How do we compute lift, ICE, and confidence?

Teams should compute three core metrics for decision making. First, incremental conversions equal treatment conversions minus control conversions, normalized by cell size if assignment is not 50:50.¹ Second, incremental cost per incremental conversion equals media spend divided by incremental conversions, which supports budgeting and scenario planning. Third, lift percentage equals the incremental conversions divided by control conversions. Platform reports compute these values and provide confidence intervals that reflect randomization and sample variance.¹ ² A well powered test offers tight intervals. A small test produces wide intervals that limit decisions. Keeping assignment random and exposure policies stable improves precision.³ ⁵

How do we implement a holdout test step by step?

Leaders can run a holdout test in seven steps. Step one defines the business question and the single north star outcome, such as completed orders. Step two sets the test scope by campaign, placement, and geography. Step three configures platform lift testing. Google Ads supports user-based Conversion Lift for Video, Discovery, and Demand Gen campaigns with guided setup.⁸ Meta supports Conversion Lift across campaigns with automatic test and control creation.² Step four sets the holdout share and length. Many teams start with a 10 to 20 percent holdout for 10 to 14 days.⁹ Step five locks creative, bids, budgets, and audiences. Step six monitors eligibility and sample accrual without peeking at effects. Step seven reads the final report and moves to scaled rollouts.

How do we implement ghost ads step by step?
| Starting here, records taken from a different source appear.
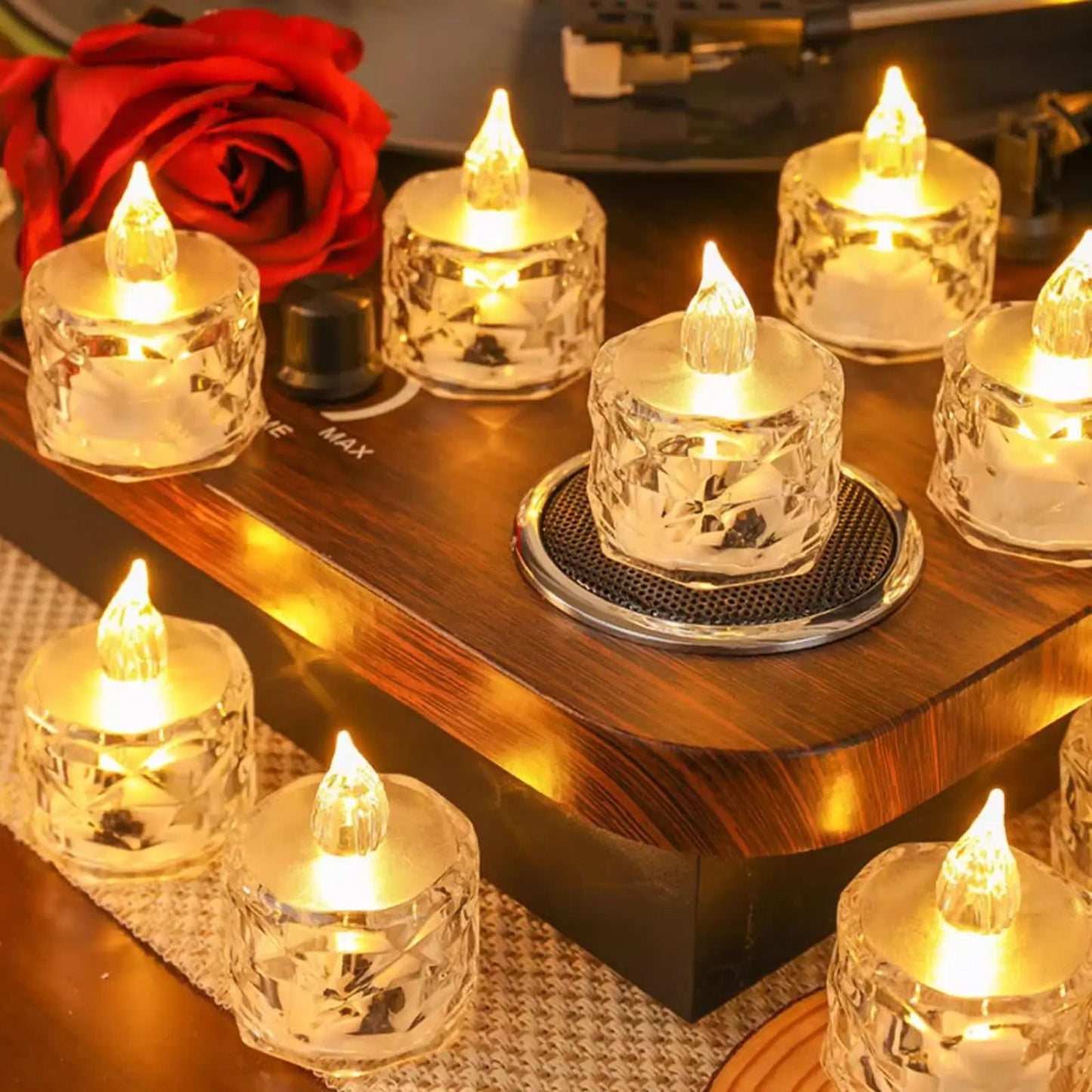 Flameless LED Light Candle Set for Decor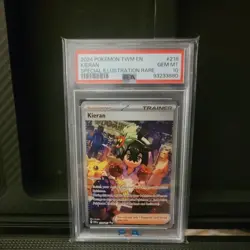 Pokemon Kieran SIR Special Illustration Rare 218/167 Twilight Masquerade PSA 10 - Image 1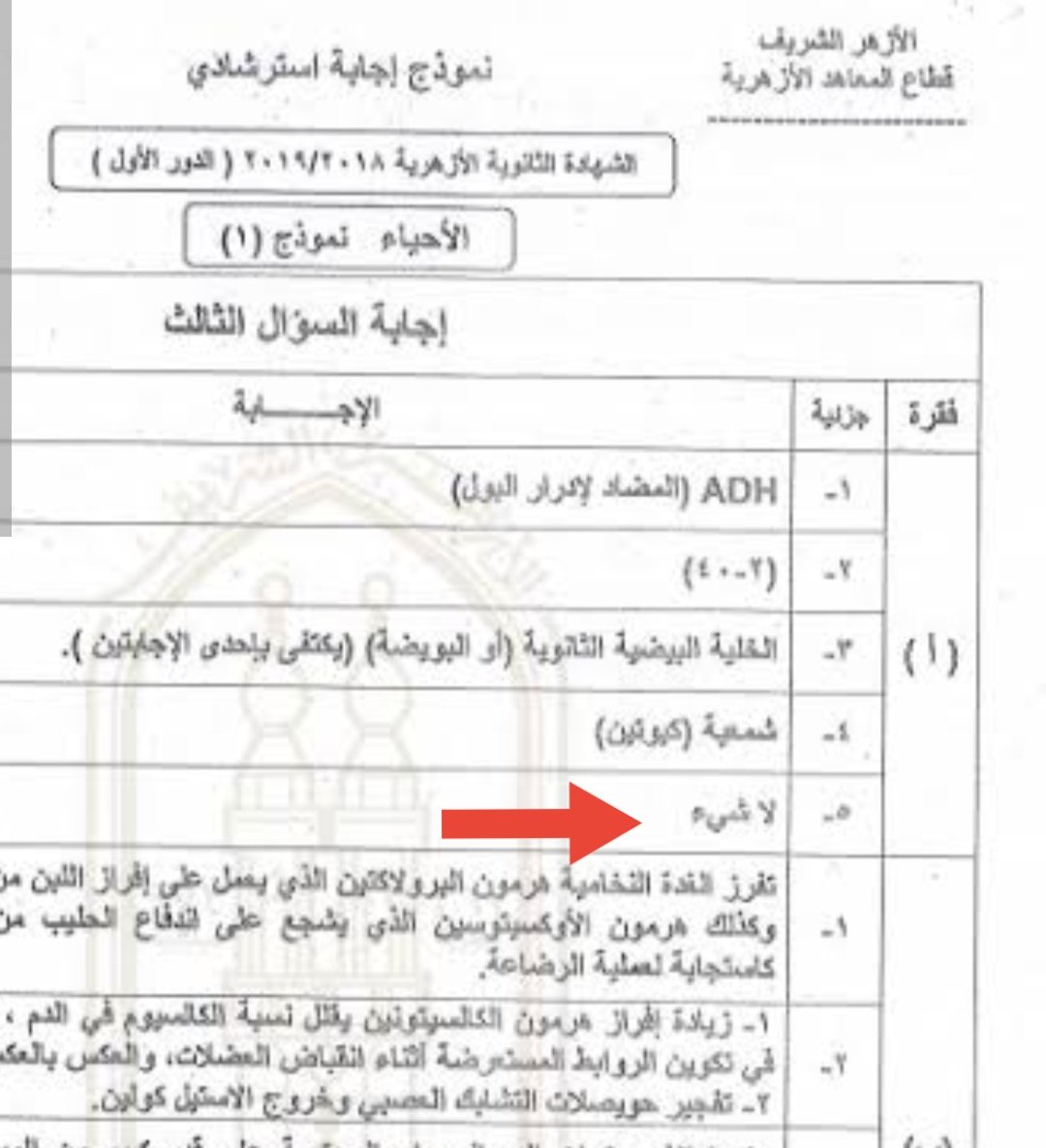 السؤال دا اكتب المصطلح ف امتحان احياء ٣ ث 
  انا جاوبته (لايوجد) 
المصحح عملهالي غلط!! وبسببه جيت اسيوط
ياه كميه دعاوي بدعيها عليه بقالي اربع سنين   ولسه لحد م اتخرج 💔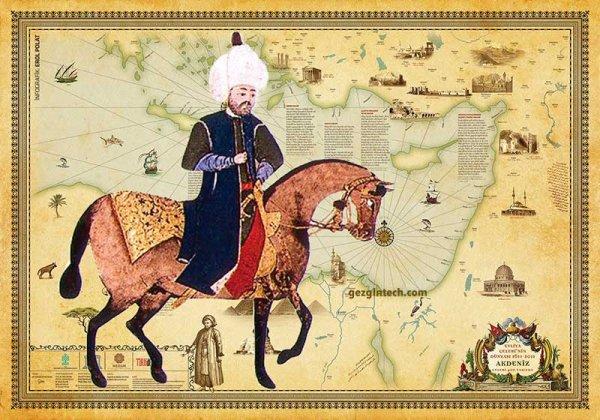 Evliya Çelebi’nin seyahat rotası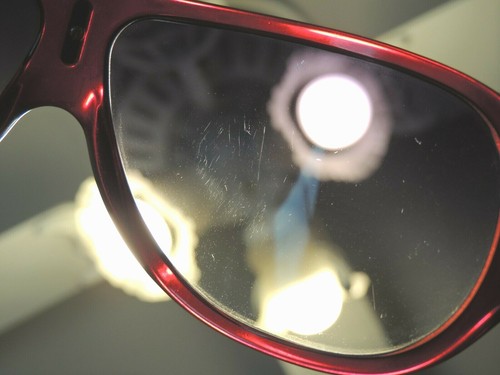 Gafas de sol envolventes rojas Vogue 2446 1409/11 68 11 - Imagen 9 de 11
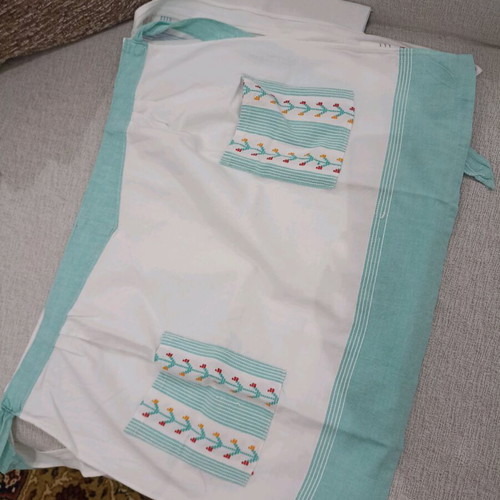 Woven Cretan traditional apron like new with pockets
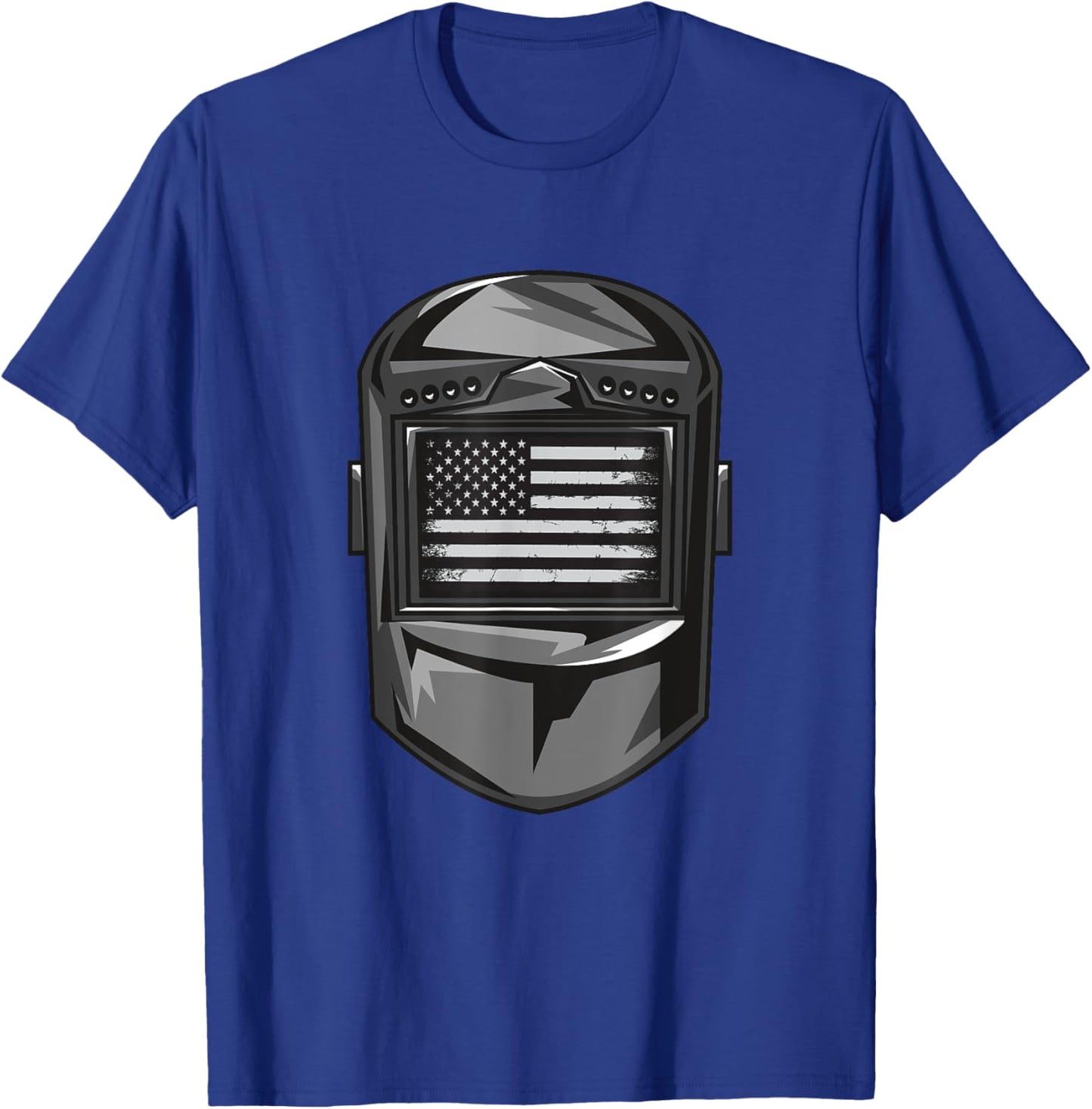 Welder American Flag T-Shirt - T-Shirt | Royal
Teams that buy through a DSP can implement ghost ads in eight moves. Move one enables the platform’s conversion lift feature with test and control assignment at bid time.⁴ Move two defines the inclusion criteria for bidding so the universe is consistent. Move three ensures the logger writes ghost impressions for control when the system would have bid, and writes delivered impressions for treatment.³ Move four synchronizes identity and conversion logging across web and app so the lift analysis sees the same people. Move five freezes pacing, budgets, and optimization rules. Move six selects a test window long enough to collect stable outcomes. Move seven computes lift using ghost and served impressions as the exposure basis. Move eight publishes ICE and confidence with a clear decision rule for scale up.

How do we control bias and improve precision in practice?

Teams should remove known sources of bias and increase precision with design choices. Randomized assignment removes selection bias from audience construction. Platform side randomization avoids leakage from targeting updates and pacing.¹ ² Ghost ads reduce PSA waste and preserve auction symmetry, which can improve precision by an order of magnitude in some settings.⁵ Pre-registration of hypotheses prevents outcome switching. Consistent identity resolution reduces mis-attribution. Large experiments with billions of observations show that many campaigns deliver small but statistically significant effects, so power and clean execution matter.⁶ Using a standard A/B framework in search and shopping helps validate lift estimates against performance changes.⁷

How do we operationalize governance, privacy, and ethics?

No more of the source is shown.